What prevents people from sharing information or asking questions?

A book I am reading at the moment called “Made to Stick” talks about “The Curse Of Knowledge”.  (More on this awesome book later).  More specifically, they get into stories about people trying to teach a concept to other people.  The storyteller is very knowledgeable about the topic, the listener is not. So the listener has to get the concept from the teacher.  Easy right?  We do this almost every day, helping out our peers.

Try this experiment out (and this is the one that they did in the book):  One person “knocks” a rhythm to a song in their head, while a second person listens to the knocking and tries to guess what the song is.  You hear the song in your head, you are knocking out the rhythm.  It is such a simple song, why do they look so confused?  Why can’t they figure it out? When the researchers actually did the experiment, 50% of the knockers thought that the listener would guess right.  In fact, only 2% of listeners actually guessed right!
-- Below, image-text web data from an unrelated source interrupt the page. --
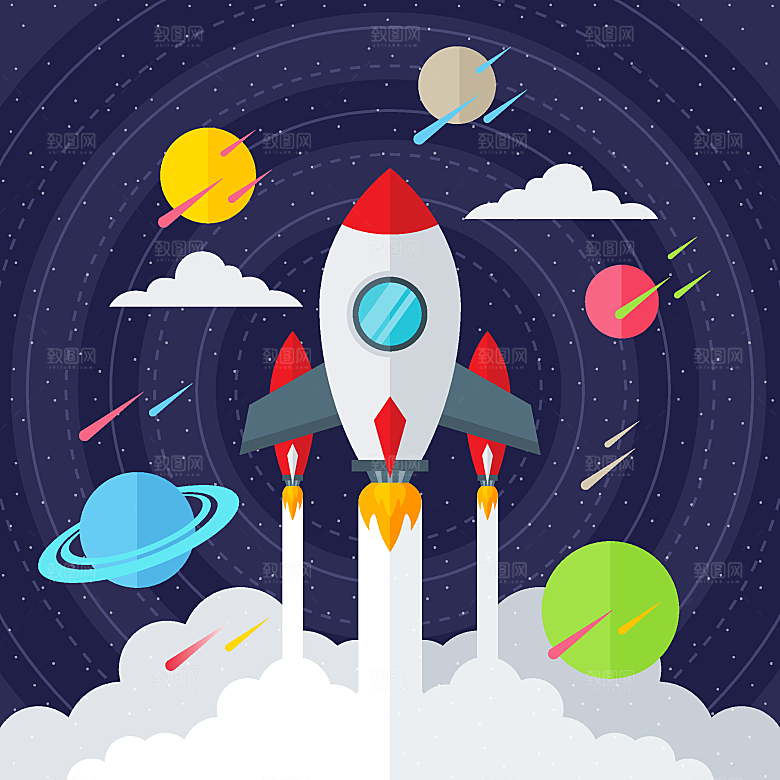 卡通插画火箭宇宙太空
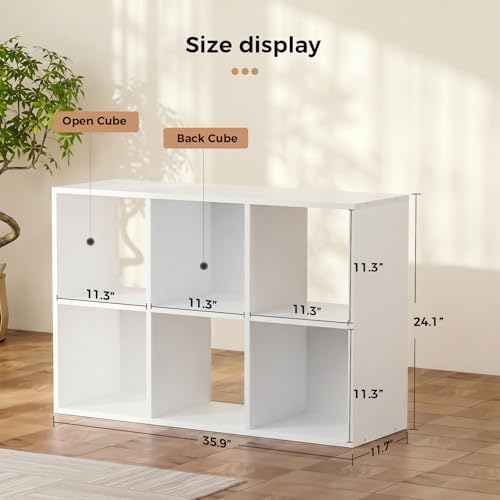 LUCKLIFE 6-Cube Storage Organizer, Modular Bookcase Shelf - Image 2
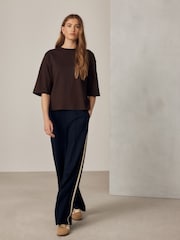 Navy Blue Ponte Wide Leg Trousers with Side Stripes - Image 1 of 9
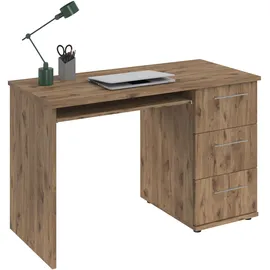 vogl möbelfabrik Schreibtisch VOGL MÖBELFABRIK "Tobi, wahlweise mit 3 Schubkästen oder 1 Schubkasten/1 Tür", braun (wotaneiche), B:115cm H:73cm T:56cm, Tische, Schreibtisch, optional mit Tastaturauszug, Breite 115 cm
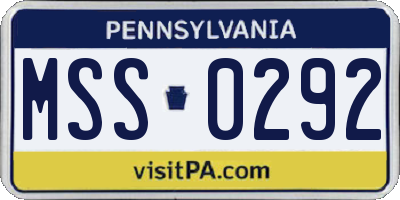 PA license plate MSS0292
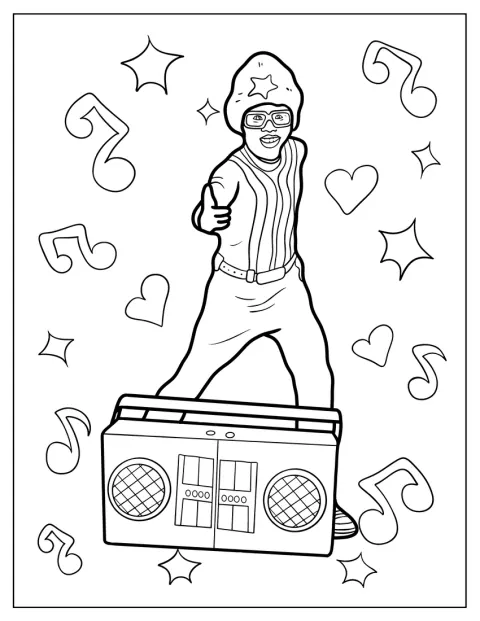 Kammy Kam danser med en ghettoblaster ved sin side.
What stands out to me is that people take for granted what they know, and what their experience has taught them.  It seems that every single day I recognize this happening.  I catch myself in a situation where I need to pause and evaluate my audience, and I see others doing it constantly.  The other day  @Autom8it posted a question on ControlsOverload.com asking about monitoring the status of an Ethernet module.  In my head I am thinking he just needs to write a simple instruction to get that information from the module.  But that is too easy, he must have a different problem, after all he is a smart guy, I don’t want to insult his intelligence thinking that he does not know about that instruction.  Talking to him a few days later, he had posted his answer – after doing some research and talking to tech support – on exactly the solution I was completely able to give. Doh!!  It never crossed my mind that he would not know how to use that instruction.
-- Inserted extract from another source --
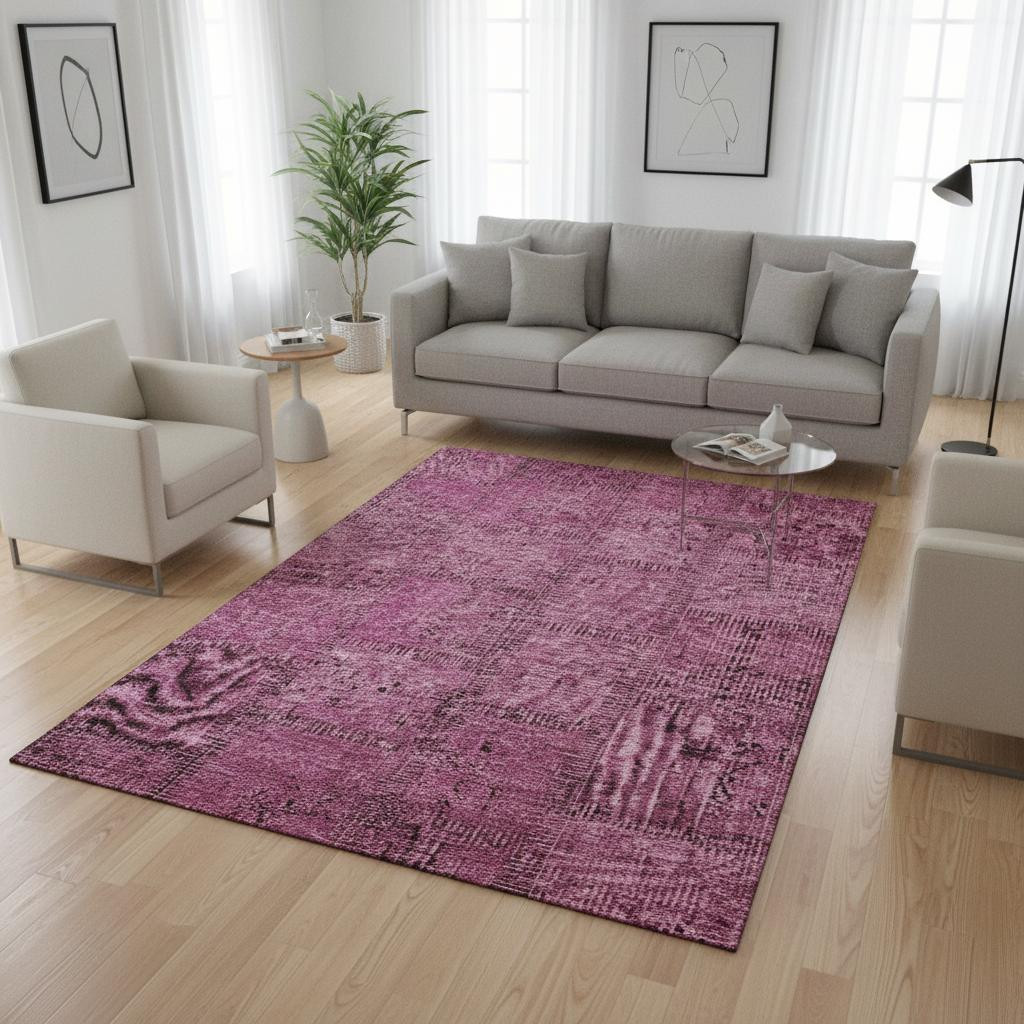 656132 5 x 8 ft. Blush & Gray Patchwork Washable Machine Made Rectangle Area Rug with UV Protection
This is a curse that everyone with knowledge has – taking what we know for granted, and not thinking it is important enough, or being scared to share.  If you contribute to a wiki page, blog, or ask/answer a question, etc. what is the worst thing that is going to happen?  Someone is going to comment on it?  Improve it?  Re-write it?  Is someone in your organization going to take offense to it?  I doubt it.

The worst thing that could happen is not contributing, not getting the ideas out, and not getting the discussion to happen.

This concept is making me think really hard about how I interact with people every day.

So now that you know what the curse is, what are you going to do about it?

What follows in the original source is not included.